### [Records from a data collection]
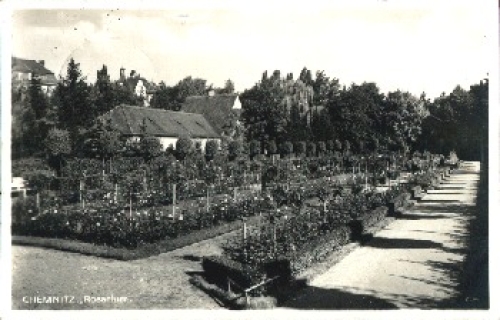 Chemnitz Rosarium o June 10, 1927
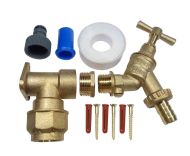 25mm MDPE Outside Tap Kit With Double Check Valve 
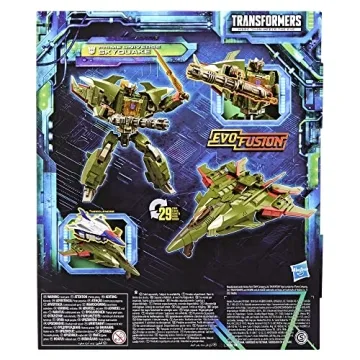 Transformers Legacy Skyquake Action Figure for Ages 8+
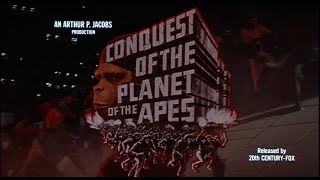 Conquest of the Planet of the Apes 1972  Trailer [upl. by Carmine995]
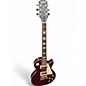 Used Epiphone Les Paul Traditional Pro IV Wine Red Solid Body Electric Guitar thumbnail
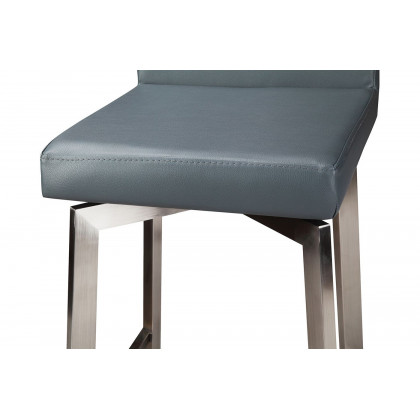 Moe's Giro Swivel Bar Stool - Gray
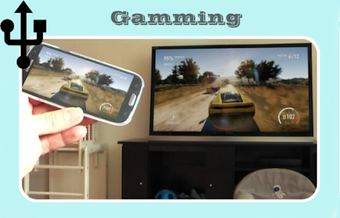Imagen 1 para Phone Connect to tv (HDMI…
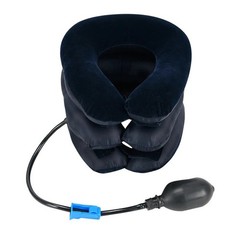 Inflatable Neck Traction Device Cervical Collar Brace Support Tension Pain Relie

### [What this task involves]
Copy all the lines of data exactly as they appear, dropping any images.

### [Output for this task]
 Chemnitz Rosarium o June 10, 1927
 25mm MDPE Outside Tap Kit With Double Check Valve 
 Transformers Legacy Skyquake Action Figure for Ages 8+
 Conquest of the Planet of the Apes 1972  Trailer [upl. by Carmine995]
 Used Epiphone Les Paul Traditional Pro IV Wine Red Solid Body Electric Guitar thumbnail
 Moe's Giro Swivel Bar Stool - Gray
Imagen 1 para Phone Connect to tv (HDMI…
 Inflatable Neck Traction Device Cervical Collar Brace Support Tension Pain Relie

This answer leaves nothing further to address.